With pictures omitted, restate the data word for word.

▶ DATA PROVIDED
== == ==
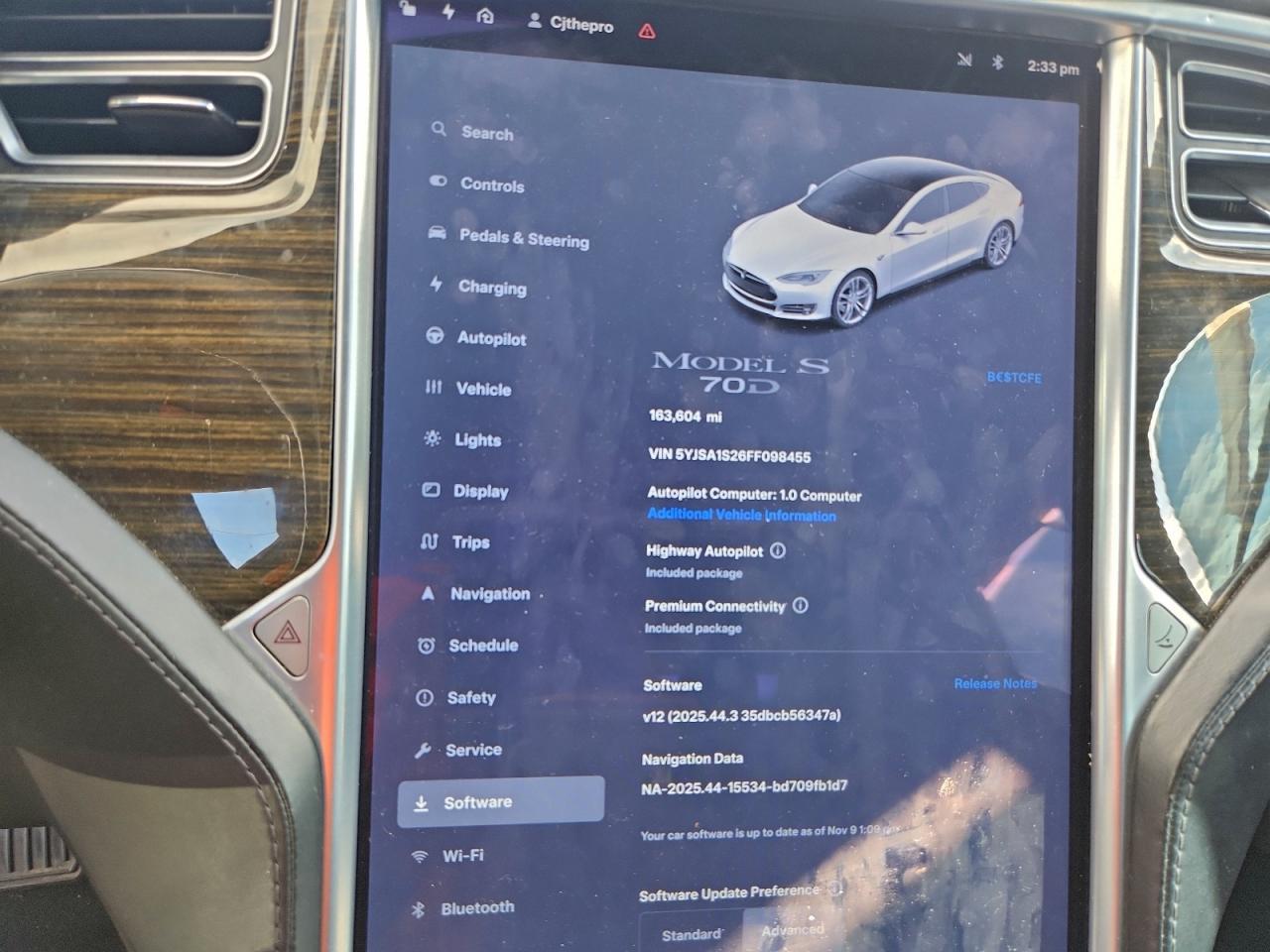 2015 TESLA MODEL S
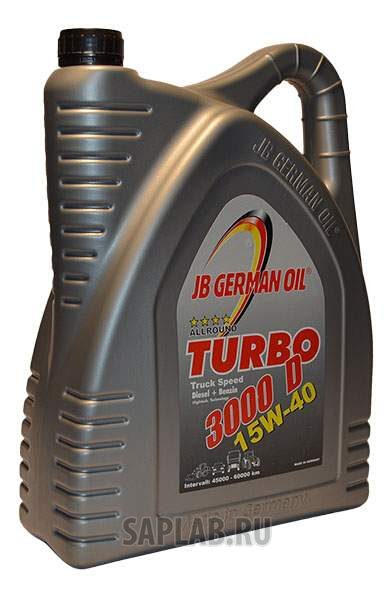 Купить запчасть JB GERMAN OIL - 4027311000266 Моторное масло JB GERMAN OIL Turbo 3000D Truck Speed 15W-40, 5 л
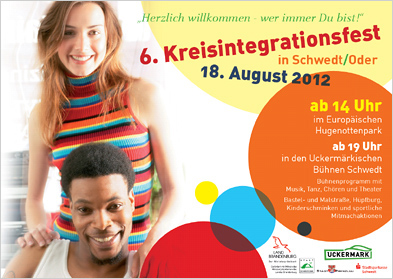 Plakat des Kreisintegrationsfestes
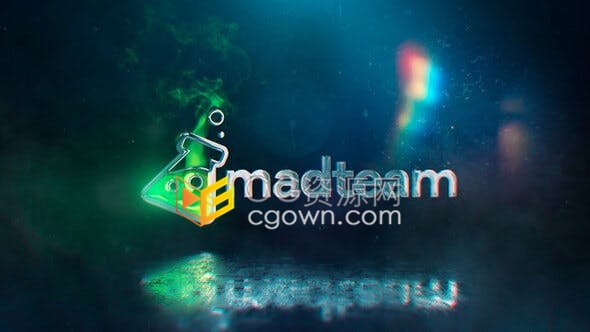 AE模板下载金属光泽质感反光三维LOGO标志片头动画视频制作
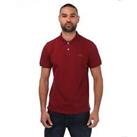 Men's T-Shirt Gant Contrast Short Sleeve Regular Fit Pique Polo in Red - 2XL Regular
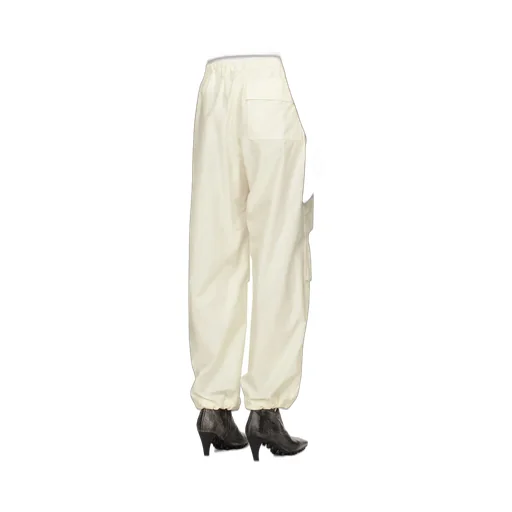 Drawstring Wide-Leg Trousers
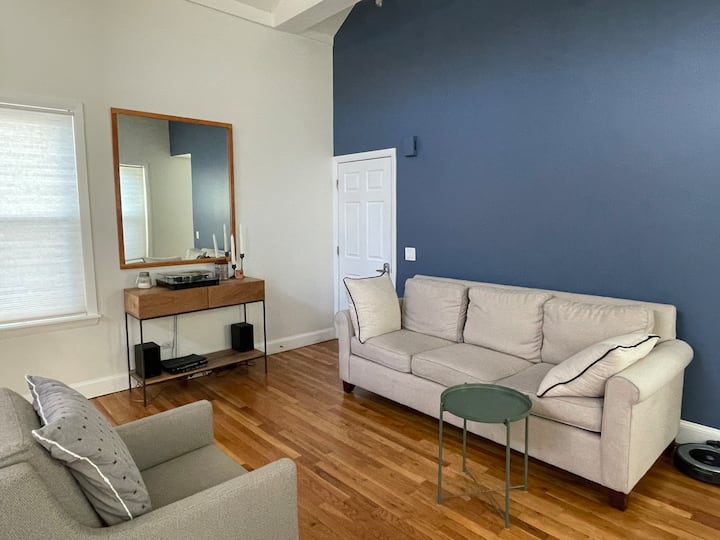 Harvard/mit Bright 1 Br + Loft Parking Permit - ケンブリッジ, MA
== == ==
▶ ANSWER TO THE PROBLEM
 2015 TESLA MODEL S
 Купить запчасть JB GERMAN OIL - 4027311000266 Моторное масло JB GERMAN OIL Turbo 3000D Truck Speed 15W-40, 5 л
 Plakat des Kreisintegrationsfestes
 AE模板下载金属光泽质感反光三维LOGO标志片头动画视频制作
 Men's T-Shirt Gant Contrast Short Sleeve Regular Fit Pique Polo in Red - 2XL Regular
 Drawstring Wide-Leg Trousers
 Harvard/mit Bright 1 Br + Loft Parking Permit - ケンブリッジ, MA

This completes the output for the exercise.